**Problem statement**
Once you find the line with "Kirayə verilir 3 otaqlı mənzil 108 m²" in the data that follows, repeat it and every line after it exactly, through the line with "Thanks god its".

**Supplied data**
-- -- --

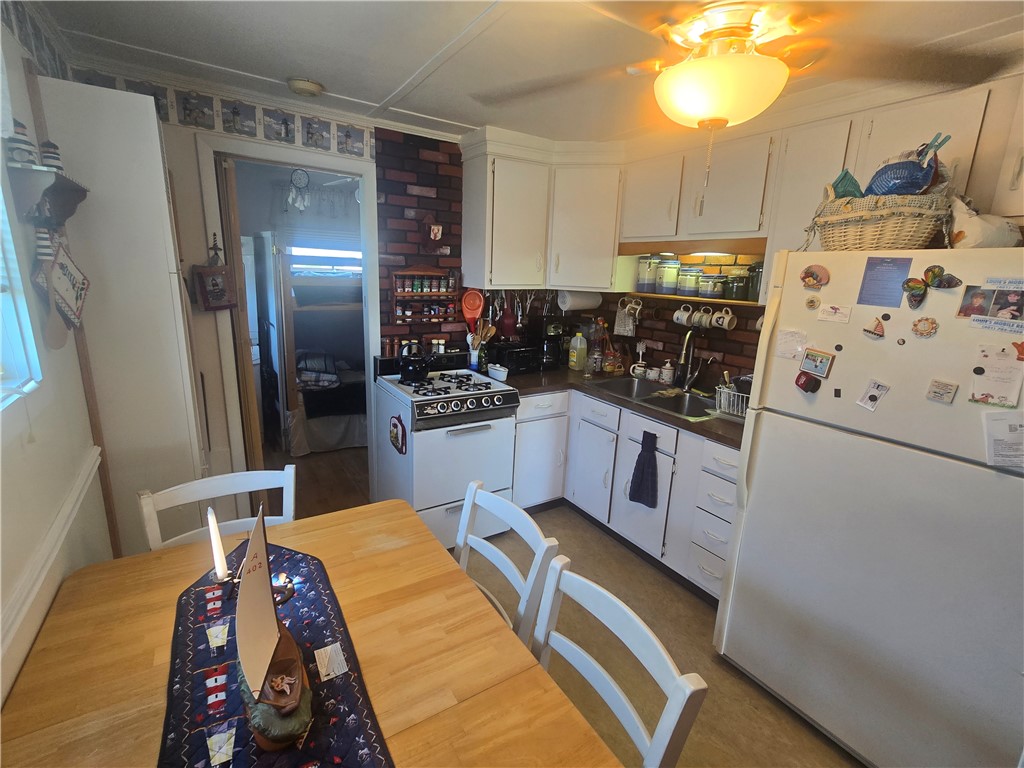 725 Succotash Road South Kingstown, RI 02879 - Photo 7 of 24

-- -- --

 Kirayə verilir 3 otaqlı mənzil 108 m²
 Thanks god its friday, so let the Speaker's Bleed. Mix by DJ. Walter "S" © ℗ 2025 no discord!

-- -- --

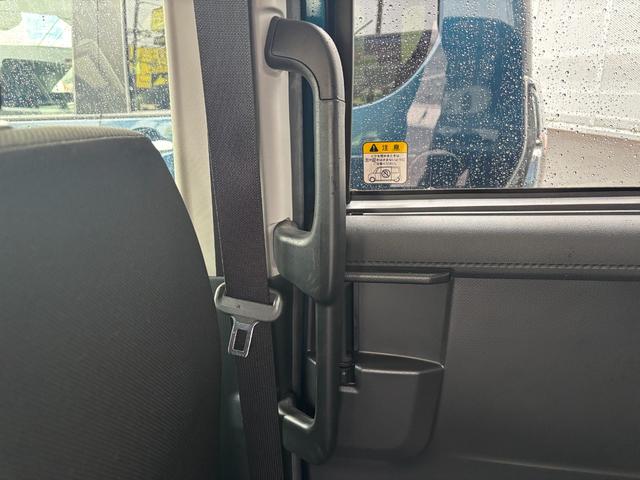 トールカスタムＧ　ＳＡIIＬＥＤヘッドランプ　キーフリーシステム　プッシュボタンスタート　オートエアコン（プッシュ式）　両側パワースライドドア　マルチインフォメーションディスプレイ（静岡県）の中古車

-- -- --

**Task output**
 Kirayə verilir 3 otaqlı mənzil 108 m²
 Thanks god its friday, so let the Speaker's Bleed. Mix by DJ. Walter "S" © ℗ 2025 no discord!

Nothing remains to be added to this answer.